WHAT THE EXERCISE ASKS: Reproduce the following data exactly, minus any images.

SUPPLIED MATERIAL:
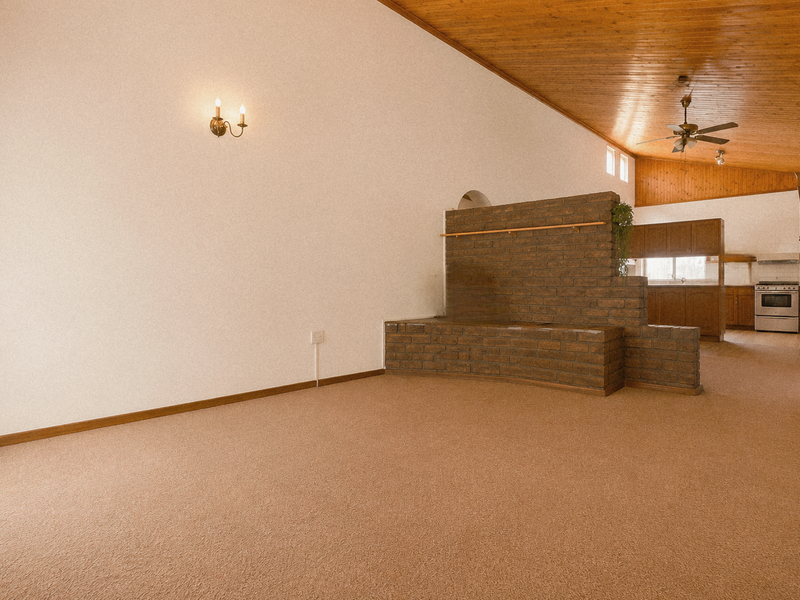 Spacious open-plan living and kitchen area featuring a vaulted timber ceiling, brick feature wall, and neutral carpeting throughout.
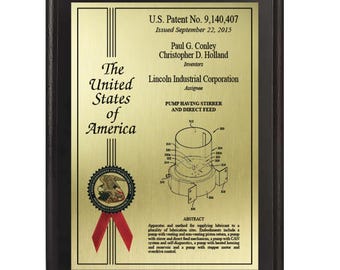 May include: A framed patent plaque with a gold-colored plate and black frame. The plaque displays the text "The United States of America" and patent information, including the patent number, issue date, and inventor names. A diagram of a pump is also visible.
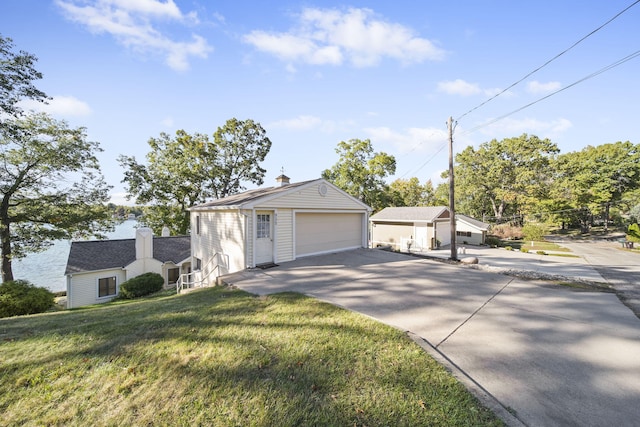 view of front of home with an outdoor structure, a front yard, and a garage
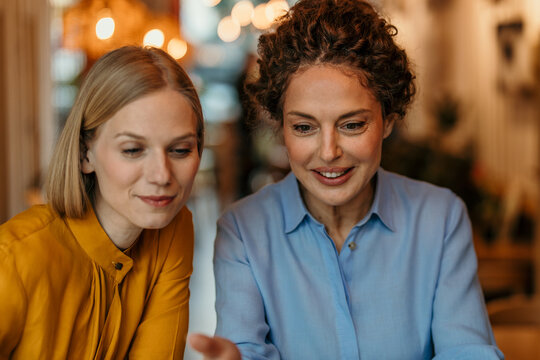 Two women discussing ideas, collaborating and smiling indoors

RESPONSE TO THIS TASK:
 Spacious open-plan living and kitchen area featuring a vaulted timber ceiling, brick feature wall, and neutral carpeting throughout.
 May include: A framed patent plaque with a gold-colored plate and black frame. The plaque displays the text "The United States of America" and patent information, including the patent number, issue date, and inventor names. A diagram of a pump is also visible.
 view of front of home with an outdoor structure, a front yard, and a garage
 Two women discussing ideas, collaborating and smiling indoors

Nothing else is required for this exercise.